To draw a beta-binomial random variate $X \sim \mathrm{BetaBin}(n, \alpha,\beta)$ simply draw $p \sim \mathrm{Beta}(\alpha,\beta)$ and then draw $X \sim \mathrm{B}(n,p)$.

==Related distributions==
- $\mathrm{BetaBin}(1, \alpha, \beta) \sim \mathrm{Bernoulli}(p)\,$ where $p=\frac{\alpha}{\alpha+\beta}\,$.
- $\mathrm{BetaBin}(n, 1, 1) \sim U(0,n)\,$ where $U(a,b)\,$ is the discrete uniform distribution.
- If $X \sim \mathrm{BetaBin}(n, \alpha, \beta) \,$ then $(n-X) \sim \mathrm{BetaBin}(n,\beta, \alpha) \,$
- $\lim_{s \rightarrow \infty} \mathrm{BetaBin}(n, ps, (1-p)s) \sim \mathrm{B}(n,p)\,$ where $p=\frac{\alpha}{\alpha+\beta}\,$ and $s=\alpha+\beta\,$ and $\mathrm{B}(n,p)\,$ is the binomial distribution.
- $\lim_{n \rightarrow \infty} \mathrm{BetaBin}(n, n \lambda , n^2) \sim \mathrm{Pois}(\lambda)\,$ where $\mathrm{Pois}(\lambda)\,$ is the Poisson distribution.
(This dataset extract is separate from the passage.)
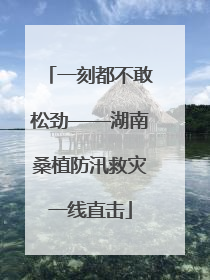 一刻都不敢松劲——湖南桑植防汛救灾一线直击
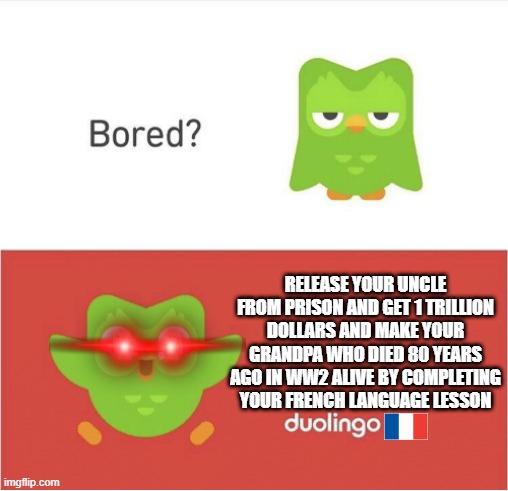 it is true | RELEASE YOUR UNCLE FROM PRISON AND GET 1 TRILLION DOLLARS AND MAKE YOUR GRANDPA WHO DIED 80 YEARS AGO IN WW2 ALIVE BY COMPLETING YOUR FRENCH LANGUAGE LESSON | image tagged in duolingo bored | made w/ Imgflip meme maker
- $\lim_{n \rightarrow \infty} \mathrm{BetaBin}(n, 1, \frac{np}{(1-p)}) \sim \mathrm{Geom}(p)\,$ where $\mathrm{Geom}(p)\,$ is the geometric distribution.
- $\lim_{n \rightarrow \infty} \mathrm{BetaBin}(n, r, \frac{np}{(1-p)}) \sim \mathrm{NB}(r,p)\,$ where $\mathrm{NB}(r,p)\,$ is the negative binomial distribution.